◆ What is required
Copy out exactly, and only, the lines from the one containing "AutoXP 气体和液体流量计算机 AutoXP 气体和液体流量计算机" through the end of the entries. No pictures.

*** Recorded data ***

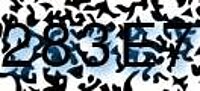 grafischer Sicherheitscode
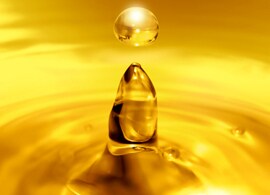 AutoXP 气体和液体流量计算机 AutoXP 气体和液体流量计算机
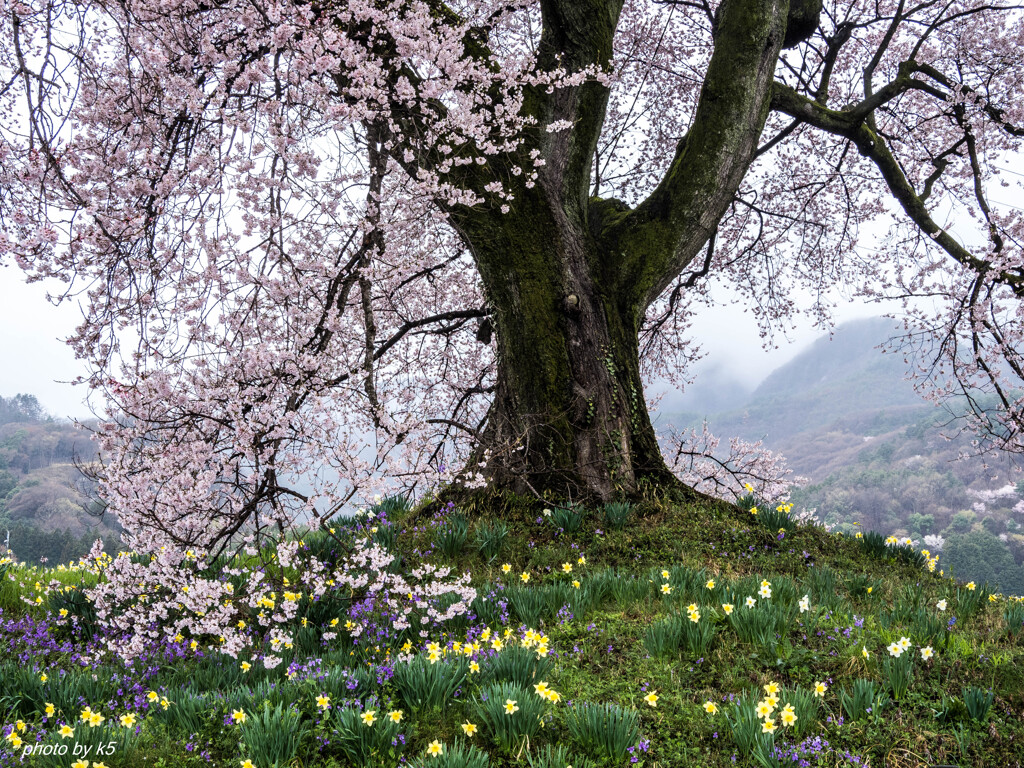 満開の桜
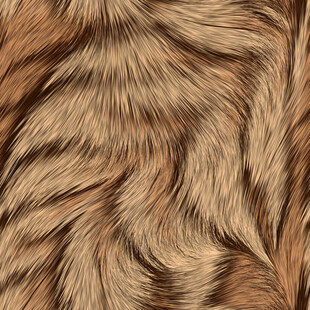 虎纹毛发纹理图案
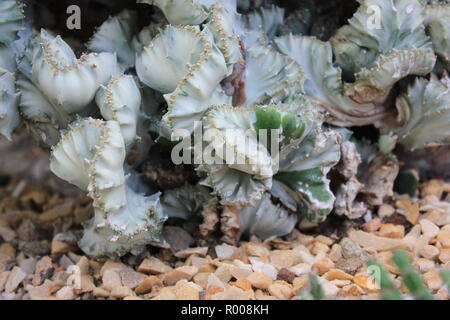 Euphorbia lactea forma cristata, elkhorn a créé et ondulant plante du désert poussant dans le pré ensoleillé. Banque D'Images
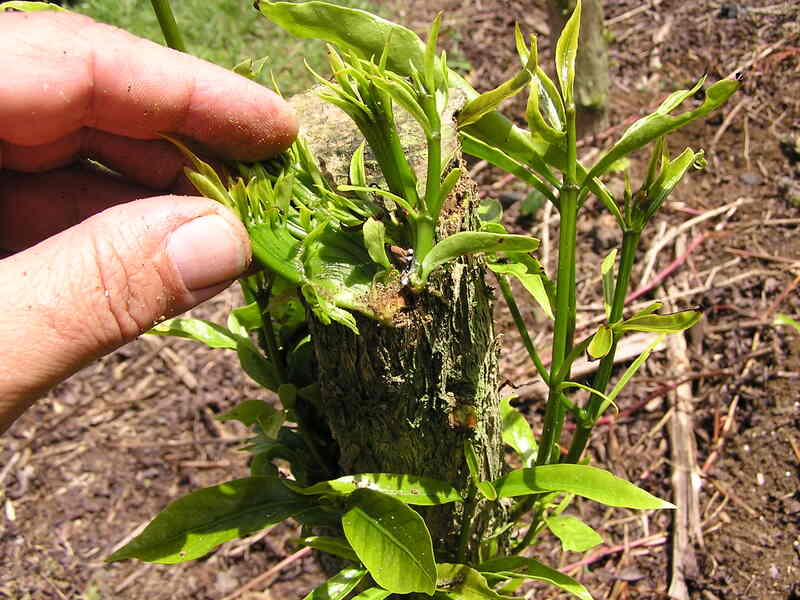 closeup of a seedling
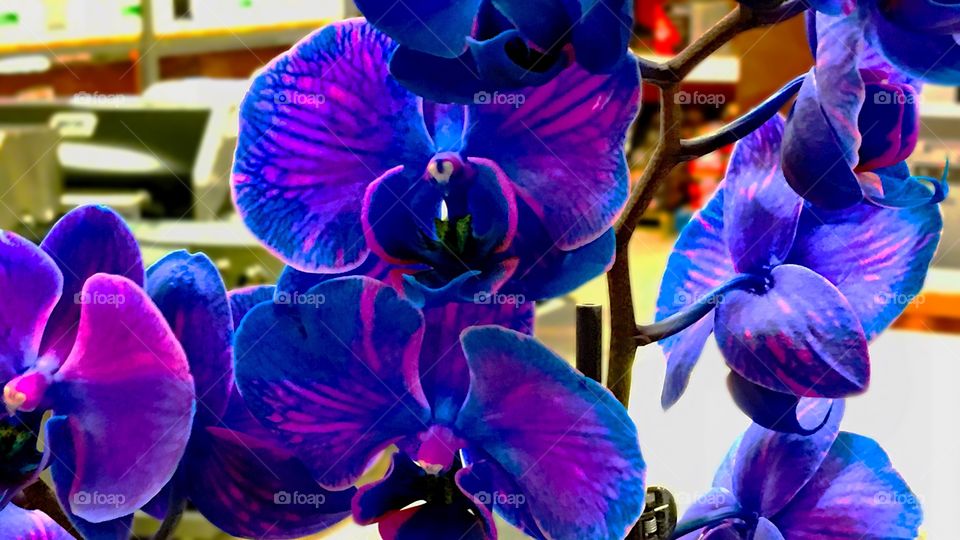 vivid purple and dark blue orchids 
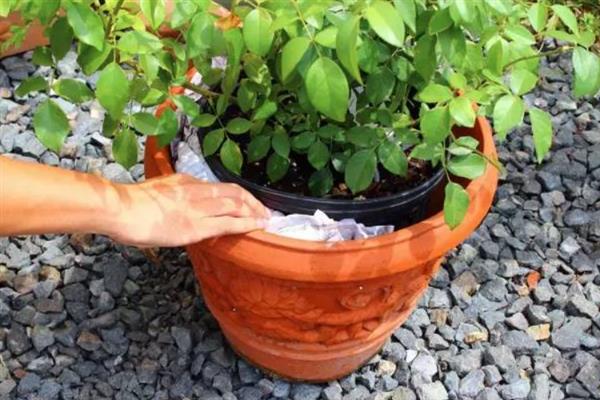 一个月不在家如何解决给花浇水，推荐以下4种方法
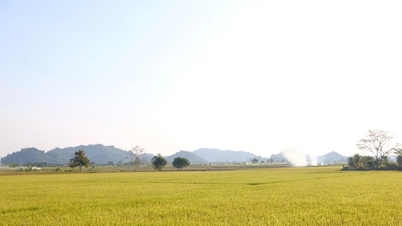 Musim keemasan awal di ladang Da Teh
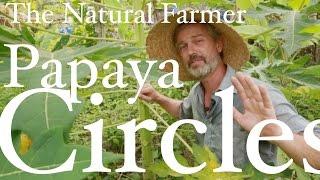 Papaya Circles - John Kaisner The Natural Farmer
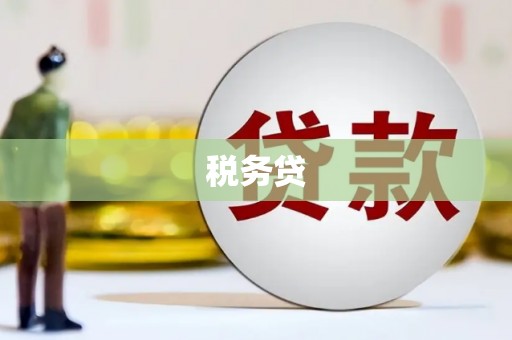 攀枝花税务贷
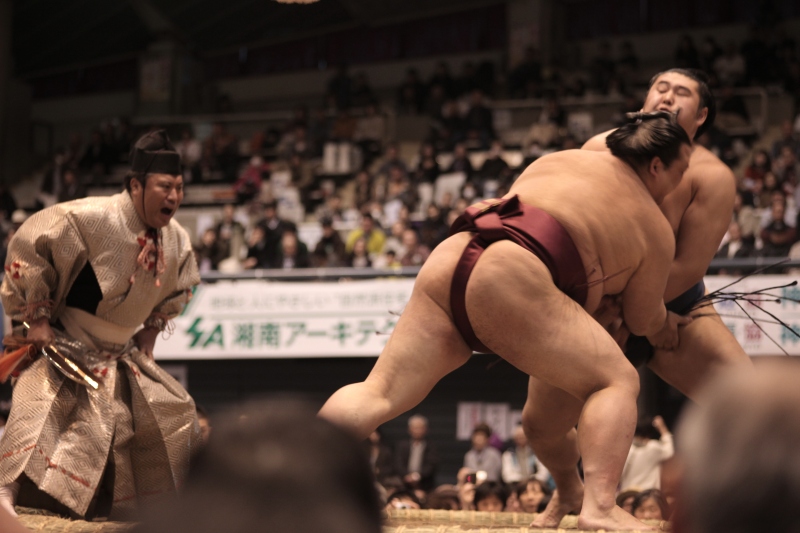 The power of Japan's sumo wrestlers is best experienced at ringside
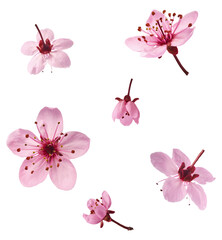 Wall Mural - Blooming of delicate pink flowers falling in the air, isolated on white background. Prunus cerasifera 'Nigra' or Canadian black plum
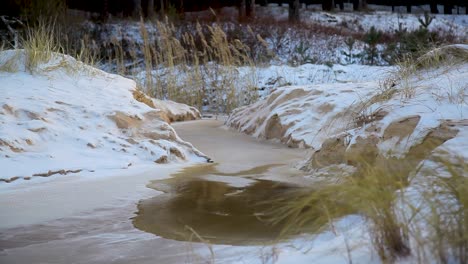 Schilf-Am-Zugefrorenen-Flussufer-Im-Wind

***

◆ Solution to this problem
 AutoXP 气体和液体流量计算机 AutoXP 气体和液体流量计算机
 満開の桜
 虎纹毛发纹理图案
 Euphorbia lactea forma cristata, elkhorn a créé et ondulant plante du désert poussant dans le pré ensoleillé. Banque D'Images
 closeup of a seedling
 vivid purple and dark blue orchids 
 一个月不在家如何解决给花浇水，推荐以下4种方法
 Musim keemasan awal di ladang Da Teh
 Papaya Circles - John Kaisner The Natural Farmer
 攀枝花税务贷
 The power of Japan's sumo wrestlers is best experienced at ringside
 Wall Mural - Blooming of delicate pink flowers falling in the air, isolated on white background. Prunus cerasifera 'Nigra' or Canadian black plum
 Schilf-Am-Zugefrorenen-Flussufer-Im-Wind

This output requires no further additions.